A juntar aos seus efeitos competitivos, Polygonum lapathifolium
serve de hospedeira a um significativo número de pragas prejudiciais à agricultura,
nomeadamente o vírus do mosaico do pepino (CMV), Fusarium oxysporum que ataca
as culturas do feijão, tomate ou espinafre, nematóides da haste da cebola,
entre outros.
Em contrapartida, esta espécie é tremendamente importante para a vida selvagem. O néctar segregado pelas flores atrai moscas, vespas, abelhas e até
pequenas borboletas. Uma enorme variedade de besouros e larvas de borboletas
alimentam-se das folhas e outras partes da planta. Nas zonas húmidas as
sementes são também uma fonte importante de alimento para varias espécies de
patos e outras aves mais pequenas. Contudo, esta espécie não é do agrado dos
herbívoros mamíferos devido ao seu sabor amargo e apimentado.
Polygonum lapathifolium pode ser confundida com Polygonum persicaria que é também autóctone no nosso país e que, muitas vezes,
ocorre nos mesmo habitats.
Diferença nas ócreas das duas espécies que podem ser confundidas.

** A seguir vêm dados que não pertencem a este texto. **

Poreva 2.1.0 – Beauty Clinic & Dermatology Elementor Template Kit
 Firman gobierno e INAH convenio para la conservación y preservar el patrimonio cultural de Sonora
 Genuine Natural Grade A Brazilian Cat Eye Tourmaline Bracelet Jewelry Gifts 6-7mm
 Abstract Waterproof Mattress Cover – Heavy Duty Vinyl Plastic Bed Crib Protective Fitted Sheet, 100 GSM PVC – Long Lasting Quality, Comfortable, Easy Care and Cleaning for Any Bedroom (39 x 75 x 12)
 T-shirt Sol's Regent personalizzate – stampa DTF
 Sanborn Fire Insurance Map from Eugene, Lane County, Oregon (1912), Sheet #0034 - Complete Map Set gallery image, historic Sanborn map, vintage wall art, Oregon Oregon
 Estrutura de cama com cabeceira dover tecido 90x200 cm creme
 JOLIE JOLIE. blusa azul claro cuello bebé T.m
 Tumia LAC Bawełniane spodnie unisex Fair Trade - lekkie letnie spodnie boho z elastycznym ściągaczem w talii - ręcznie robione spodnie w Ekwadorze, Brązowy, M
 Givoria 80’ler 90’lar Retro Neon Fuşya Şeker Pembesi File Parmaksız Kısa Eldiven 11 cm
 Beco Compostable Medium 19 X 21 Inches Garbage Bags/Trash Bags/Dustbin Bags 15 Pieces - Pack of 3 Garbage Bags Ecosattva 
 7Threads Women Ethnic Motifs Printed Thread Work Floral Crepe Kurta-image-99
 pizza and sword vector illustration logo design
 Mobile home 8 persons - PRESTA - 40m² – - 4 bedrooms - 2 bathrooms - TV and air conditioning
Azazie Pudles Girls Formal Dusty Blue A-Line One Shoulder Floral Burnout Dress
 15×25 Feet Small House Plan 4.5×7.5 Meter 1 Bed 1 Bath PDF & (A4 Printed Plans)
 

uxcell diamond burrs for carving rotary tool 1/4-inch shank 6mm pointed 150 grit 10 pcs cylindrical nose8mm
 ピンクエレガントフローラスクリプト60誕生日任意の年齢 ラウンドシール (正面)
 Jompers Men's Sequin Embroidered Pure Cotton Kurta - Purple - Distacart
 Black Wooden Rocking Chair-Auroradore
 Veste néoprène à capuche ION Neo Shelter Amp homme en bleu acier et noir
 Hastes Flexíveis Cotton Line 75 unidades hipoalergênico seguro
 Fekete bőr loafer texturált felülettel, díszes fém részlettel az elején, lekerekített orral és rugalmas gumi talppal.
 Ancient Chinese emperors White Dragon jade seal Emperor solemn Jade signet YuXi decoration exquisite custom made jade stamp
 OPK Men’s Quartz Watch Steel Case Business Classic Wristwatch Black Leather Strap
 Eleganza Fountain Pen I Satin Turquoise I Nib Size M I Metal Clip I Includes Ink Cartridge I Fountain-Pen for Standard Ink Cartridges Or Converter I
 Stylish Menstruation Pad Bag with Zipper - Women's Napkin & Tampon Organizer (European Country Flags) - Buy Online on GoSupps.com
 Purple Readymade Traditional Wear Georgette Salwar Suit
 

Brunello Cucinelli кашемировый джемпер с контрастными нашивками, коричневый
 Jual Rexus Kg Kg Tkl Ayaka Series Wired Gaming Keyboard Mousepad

Foto da ócrea de Poligonum persicaria de Miguel Porto/Flora-on |
A diferença mais óbvia entre as duas espécies reside na ócrea
que em Polygonum persicaria é claramente ciliada ao contrário do que acontece
com Polygonum lapathifolium.
Em tempos idos, Polygonum lapathifolium foi usada em medicina
tradicional. À semelhança do que acontece com outras espécies da mesma família esta planta contém compostos orgânicos com ação terapêutica no
tratamento de algumas patologias. As propriedades antioxidantes, hepatoprotetoras
e anti-inflamatórias devem-se à presença de substâncias químicas complexas de
composição variada produzidas através dos metabólitos secundários e que existem nas partes aéreas da planta, nomeadamente Calcona, flavonóides e ácido gálico.
Os metabólitos secundários:
As plantas sintetizam um enorme número
de químicos, de natureza muito diversificada. Estes químicos podem ser
divididos em metabólitos primários e secundários.
Os metabólitos primários incluem os químicos
essenciais para o crescimento e desenvolvimento de todas as plantas, como a
fotossíntese ou o metabolismo respiratório.
Os metabólitos secundários são
estrutural e quimicamente muito mais diversificados que os metabólitos
primários e referem-se a compostos presentes em células especializadas que, não
sendo diretamente essenciais, são, ainda assim, necessários para a
sobrevivência das plantas.
Os metabólitos secundários são capazes
de responder eficazmente às situações de stress, aparentemente atuando como
defesa (contra herbívoros, micróbios, viroses ou plantas concorrentes) como
sinalização (para atrair polinizadores e animais dispersores das sementes) e
também como antioxidantes e protetores da radiação solar.
Existem milhares de metabólitos secundários e são eles os responsáveis pelas propriedades
terapêuticas registadas em tantas plantas consideradas medicinais.